Keene notes that several criticisms by NM Taylor
Kingston, the man who lies about having "standards,"
are strawmen of his own devising. NM Kingston
criticizes Keene for failing to note earlier games
when such was not the author's purpose and when such
was clearly unnecessary. Then, embarrassingly,
Kingston himself does not know the stem games. For
example, Nimzo-Jokstad and Staunton-Bristol. Kingston
over looks Paulsen-Tarrasch, though it stares up at
him right on the page.
GM Keene points up the truly horrible and arid
pomposity of NM Kingston's prose by skewering the many
easy, false claims made by rgcp's most ungraciously
or, perhaps, disgraciously self-promoted pawn.
One of Keene's interesting points -- also made
by Alekhine in a somewhat different form in a letter
before NY 1927 -- is what would have happened if
Nimzowitsch had won or finished second in that
tournament. It is by no means certain that the Capa
match would have occurred. NY 1927 was a rare duck:
it walked and quacked like a candidates' tournament,
but it was not. Indeed, its walking and quacking were
so duck-like that even Alekhine was worried about his
status were he to perform poorly.
Any criticisms of Ray Keene's exposition? I
have one.He is a professional writer, and one of the
hallmarks of such a writer is not only writing prose
easy on the eye but also knowing what to leave out.
Edward Winter and some of the other ratpackers are
notable for treating all details equally. Not Keene.
Still even he nods now and then.
Look, Ray: when NM Kingston attacked you for
writing a book in a couple of days, I believe that
nearly every reader on this forum understood you
were meeting a deadline following a high-profile chess
match. Which indeed you were.
Ray: I don't believe you need to defend your many
books on top-level matches against the Winterian
ratpackers. Nearly every fairminded reader of this
forum understands that it is not an "admission" to
write a book in two days when you are under
market deadline. It is an ACHIEVEMENT, especially
when the volume shows spark and intelligence. (Of
course, you benefited from the post-mortems with Short
and Kasparov.)
The Winterians do not understand the world of
professional writing. They are windy amateurs whose
labors of love -- for we can give them that much
credit -- would benefit from selectivity (knowing what
to leave out) and a great deal more reading on their part.
Your citations leave NM Kingston gasping and, to
be sure, grasping for the next subject on which to
level another smear. Your comments on the stem games were
devastating, though we must not forget that searching for them
was never your purpose in the selections noted by Kingston.

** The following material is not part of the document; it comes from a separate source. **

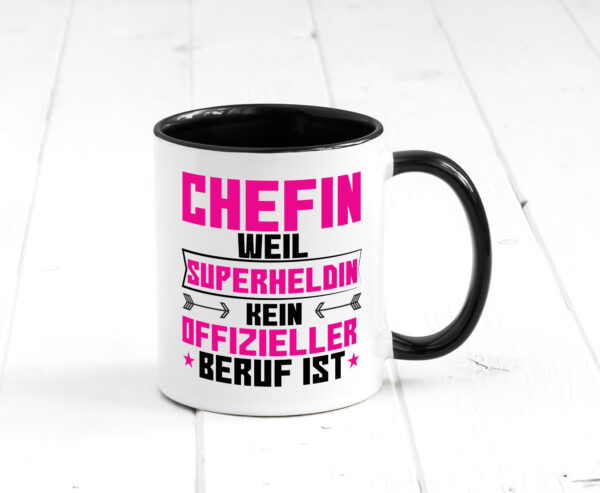 Superheldin Chefin | Führungskraft | Vorgesetzte Farbige Tasse - Kaffeetasse / Geschenk / Familie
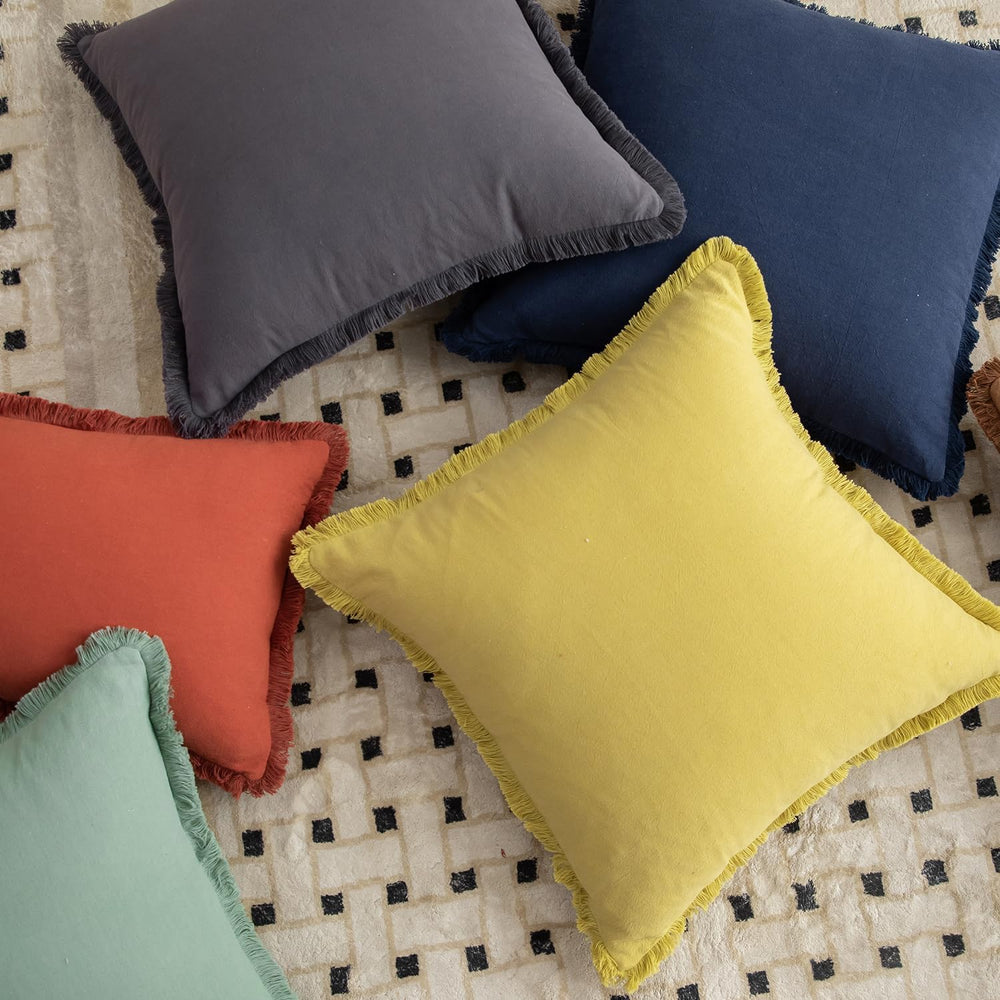 MANDIOO Set of 4 Neutral Cotton Fringe Decorative Throw Pillow Covers 22x22 I...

Such, I know, was not your object. Yet the
unpleasant truth is that you have embarrassed NM
Kingston. You have incommoded his intellectual amour
propre. Based on his past behavior, you may encounter
two or three new anonymice attacking you and defending
him. These anonymice may be Niemand (who is NM
Kingston himself) or earlier incarnations such as Paulie Graf
and Xylothist, when he praised his own work!